Officials from the Organisation for Economic Cooperation and Development (OECD) are concerned that residence by investment (RBI) schemes are being used to avoid the common reporting standard (CRS) and it is looking for ideas to clamp down on abuses.
While the organisation accepts there are legitimate reasons for individuals to be interested in RBI and citizenship by investment (CBI) schemes, it warned that they can “offer a backdoor to money-launderers and tax evaders”.
In its consultation document, the organisation stated it wants to build upon the deterrence of mandatory disclosure of CRS avoidance arrangements and structures.
Additional measures may include “both tax compliance and policy related measures and will take into account the possible role of all stakeholders involved, including the jurisdictions offering these schemes, the tax administrations of jurisdictions participating in the CRS, financial institutions subject to CRS reporting, the intermediaries promoting the schemes and taxpayers”.
“It is madness to target countries who have legitimate residence schemes to support their economies, just because some will lie on a form about their residence."
Expert scepticism
Industry experts reacted with scepticism to the proposals, which focus on tax evasion involving lying on forms.
Robert Macro, private client partner at law firm Druces, said there could be unintended consequences of the measures: “Misrepresentation, of course, is wrong; but the OECD should not prevent the ability of nation states to compete on taxation where otherwise smaller economies can be decimated.

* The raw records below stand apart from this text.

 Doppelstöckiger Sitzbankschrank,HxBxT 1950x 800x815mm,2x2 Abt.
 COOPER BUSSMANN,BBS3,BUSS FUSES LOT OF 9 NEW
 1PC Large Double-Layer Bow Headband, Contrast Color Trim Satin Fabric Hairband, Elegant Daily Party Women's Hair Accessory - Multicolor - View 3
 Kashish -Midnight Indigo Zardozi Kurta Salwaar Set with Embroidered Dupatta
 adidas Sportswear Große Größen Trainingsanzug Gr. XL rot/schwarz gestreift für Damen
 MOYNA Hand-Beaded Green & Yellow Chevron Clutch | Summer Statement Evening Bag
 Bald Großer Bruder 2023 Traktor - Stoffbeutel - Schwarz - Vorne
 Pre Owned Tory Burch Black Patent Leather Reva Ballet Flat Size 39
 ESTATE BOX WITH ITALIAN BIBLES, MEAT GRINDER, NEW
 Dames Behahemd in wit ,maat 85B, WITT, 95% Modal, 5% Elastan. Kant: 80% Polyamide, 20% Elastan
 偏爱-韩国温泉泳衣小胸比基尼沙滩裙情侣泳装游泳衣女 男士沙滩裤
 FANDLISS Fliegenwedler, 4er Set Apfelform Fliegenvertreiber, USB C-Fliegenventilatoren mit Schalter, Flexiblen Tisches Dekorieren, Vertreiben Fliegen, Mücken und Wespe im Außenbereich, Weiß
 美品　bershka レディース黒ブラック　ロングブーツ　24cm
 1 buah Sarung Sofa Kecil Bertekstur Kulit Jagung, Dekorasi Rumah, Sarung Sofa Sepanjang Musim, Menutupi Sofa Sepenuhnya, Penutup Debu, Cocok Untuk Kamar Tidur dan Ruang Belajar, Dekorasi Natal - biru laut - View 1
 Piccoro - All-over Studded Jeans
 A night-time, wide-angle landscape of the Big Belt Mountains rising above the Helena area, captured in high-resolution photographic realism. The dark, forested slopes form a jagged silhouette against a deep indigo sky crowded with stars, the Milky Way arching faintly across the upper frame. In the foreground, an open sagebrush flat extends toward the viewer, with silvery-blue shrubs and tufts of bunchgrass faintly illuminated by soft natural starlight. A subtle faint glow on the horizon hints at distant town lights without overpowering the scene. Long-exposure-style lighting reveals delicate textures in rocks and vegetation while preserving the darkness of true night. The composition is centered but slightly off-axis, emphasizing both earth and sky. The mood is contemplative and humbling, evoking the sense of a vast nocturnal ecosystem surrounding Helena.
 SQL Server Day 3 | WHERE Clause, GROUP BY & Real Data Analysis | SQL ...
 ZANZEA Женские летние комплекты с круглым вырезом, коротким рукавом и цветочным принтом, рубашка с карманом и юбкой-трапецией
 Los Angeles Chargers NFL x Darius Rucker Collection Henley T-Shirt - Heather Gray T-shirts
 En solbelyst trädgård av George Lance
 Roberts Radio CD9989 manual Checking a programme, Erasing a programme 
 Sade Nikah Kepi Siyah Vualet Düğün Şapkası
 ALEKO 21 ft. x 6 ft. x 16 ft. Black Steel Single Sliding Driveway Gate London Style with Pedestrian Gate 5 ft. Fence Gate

“If the will of the global economy is to prevent tax competition, then I am guessing there will be an acceptance for more international aid to those countries damaged by such controls.”
Louise Stoten, senior partner at private client law firm New Quadrant Partners, said: “It is madness to target countries who have legitimate residence schemes to support their economies, just because some will lie on a form about their residence.
“Surely this is a risk with any dual resident national who may not want to disclose to both.”
Responses to the OECD are sought before 19 March.
Investment Migration Council
Industry association the Investment Migration Council which represents practitioners, due diligence firms, real estate companies, and governments in this field, is formulating a position paper to be submitted to the OECD for consultation.
“It is in our direct interest to make sure that the opinion of the key players of the industry — our members — is heard and taken fully into account,” said chief executive Bruno L’ecuyer.
Submissions via the IMC are invited before 10 March by email to corporate@investmentmigration.org in Word format.
John Richardson says:
The OECD is upset because it believes that the investors in “residence and citizenship by investment programs” will be able to obscure/hide another “tax residence”.
Part of the problem is that:
1. The “CRS Inquisition” is new. For the very first time people are being asked about where they are “tax residents”.
2. Fine, but most people don’t even understand what the term “tax resident” means. At best, they will equate the term “tax resident” with where they are living or have the right to live.
3. Acquisition of a new residence does not automatically end “tax residence” in other countries. People will need to take specific steps to sever that.
In any event, the OECD has no right to impair Global Mobility by suggesting that people are not paying their “fair share” unless they are “tax residents” in a high tax jurisdiction.